• **What is required**
All lines from the one holding "Маз 5516 самосвал Клин - изображение 1" through the last line of the entries below must be transcribed exactly, and no others. Pictures do not go in.

• **Records for the task**
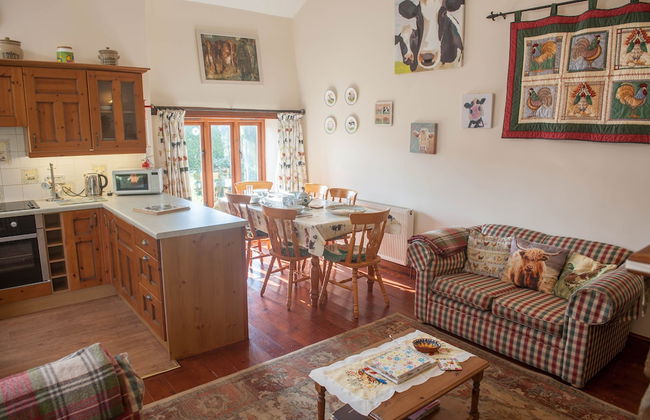 Frankaborough Farm Holiday Cottages - Photo 20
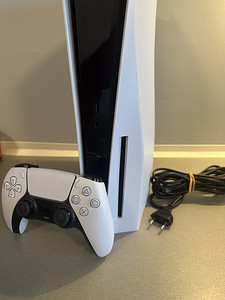 PlayStation 5 disk edition 1 tb (2 foto / 3)
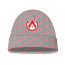 KV Kortrijk Football Club Beanie Cap Hat - Kortrijk Football Club Medley Monogram Wordmark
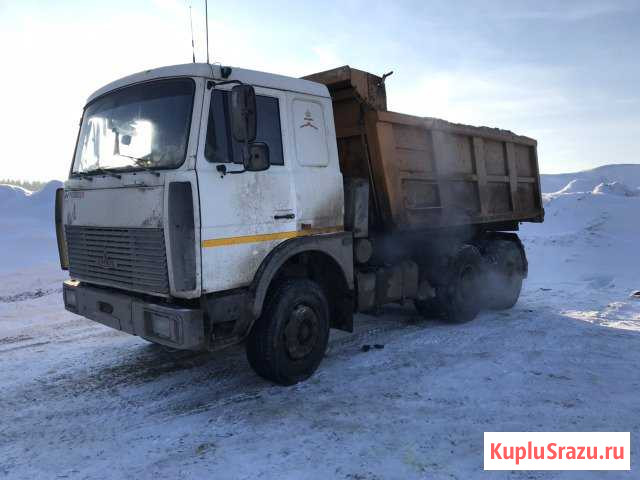 Маз 5516 самосвал Клин - изображение 1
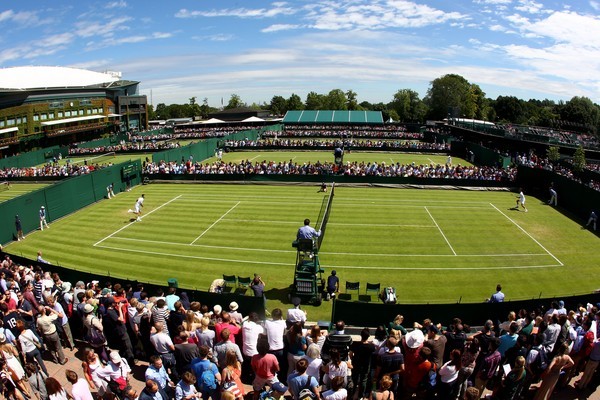 Lawn Tennis Association Wimbledon Tickets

• **Answer**
 Маз 5516 самосвал Клин - изображение 1
 Lawn Tennis Association Wimbledon Tickets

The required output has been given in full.